3930 Cass Ave., (313) 831-3830, Facebook.
My wife tells a story about hanging out at the Old Miami one night many years ago when word came from around the corner that had someone had just shot up the old bar on Selden. This was before legendary local character John Thompson bought the place, renovated it and relocated his drinking establishment into the building where his mother had once hooked. Nowadays, the place is owned by the Detroit Optimist Society peeps, and while we miss the ’70s soul- and funk-heavy jukebox, the Black Label 40s and Thompson’s sunny personality, it’s still a solid choice for a drink and crowd-pleasing bar food and boasts the classiest men’s room in the city. Open most days at 7 a.m. — s.g.
488 Selden, (313) 832-5646, honestjohnsdetroit.com
8 Degrees Plato
The lone holdout of a beer retailing mini-empire that launched in Ferndale, this craft beer store had the smart idea to build a bar in the rear of the store where customers could take a load off, admire the subway-tiled walls, sample some of the store’s impressive selection on tap and maybe even fill up a growler to take home. The tap menu is rotating and there are frequent tasting events. — s.g.

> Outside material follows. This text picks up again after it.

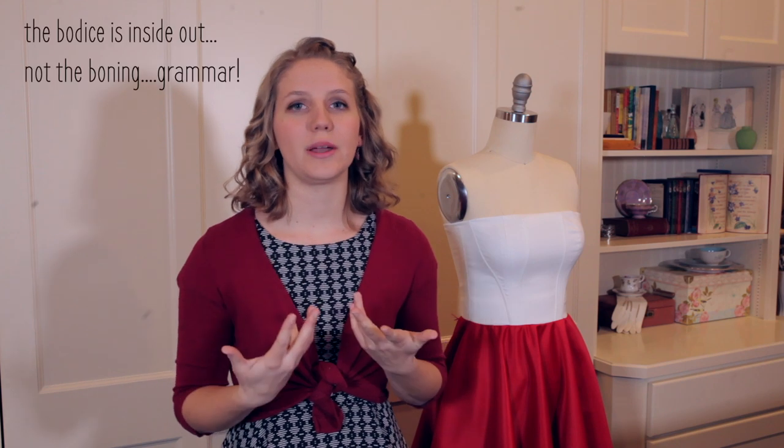I just used a plastic boning and I usually use steel or spiral, sometimes synthetic whalebone, but this time just a basic plastic boning covered in polyester boning casing just worked for me. And how I attach my boning is I put it on my dress form inside out and then I pinned all the boning channels in place.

3409 Cass Ave., (313) 888-9972, 8degreesplato.com
They have awesome cheeseburger spring rolls. Now that I have your attention, there’s a ton more to this place. They do American-style chinese food with a twist. The casual dining room is date appropriate, a neat U-shaped bar (U-shaped and circular bars are something I’m always a fan of as they help you meet people), and a back patio. – j.s.
420 Peterboro, Detroit – Website http://www.thepeterboro.com/
Detroit Shipping Company
A little over a year after opening, this is one of the best spots in the city for seeing and being seen — and eating, with options including tacos, street Thai food, Caribbean fare and even Nepalese dumplings (they’re damn tasty). You’re gonna need something to soak up all that nosh and eye candy, so DSC offers two bars — one inside, the other in the outdoor courtyard, offering more limited hours. Both feature all the trimmings, though Randy, our audio engineer and food critic, prefers the latter for its cocktails and liquor selection. — s.g.
474 Peterboro, (313) 462-4973, Facebook
Founders Detroit Taproom
If you’re a fan of craft beer, then you know Founders, the Grand Rapids-based brewer that is the state’s second-largest craft brewing operation and the maker of many delicious beers. They opened the Detroit Taproom in late 2017 in a neighborhood where few ventured. Nowadays you can hang out at the long bar, one of the high-top tables or on the patio around one of the fire pits, tip a pint and marvel at how good your beer is and how the Cass Corridor is changing. — s.g.
456 Charlotte, (313) 335-3440, foundersbrewing.com/brewery/detroit.
The Temple Bar is one of those establishments I hope never dies. There’s a unique charm to this dive bar during the day and week, dance floor during weekend nights place that can’t be replicated without years of stories and a building that has a unqiue charm.
In fact, when the Comedy Central show Detroiters was on it was a regular haunt of the main characters. The drinks are affordable. The service is fast. And it’s a great way to either start or end your night. -j.s.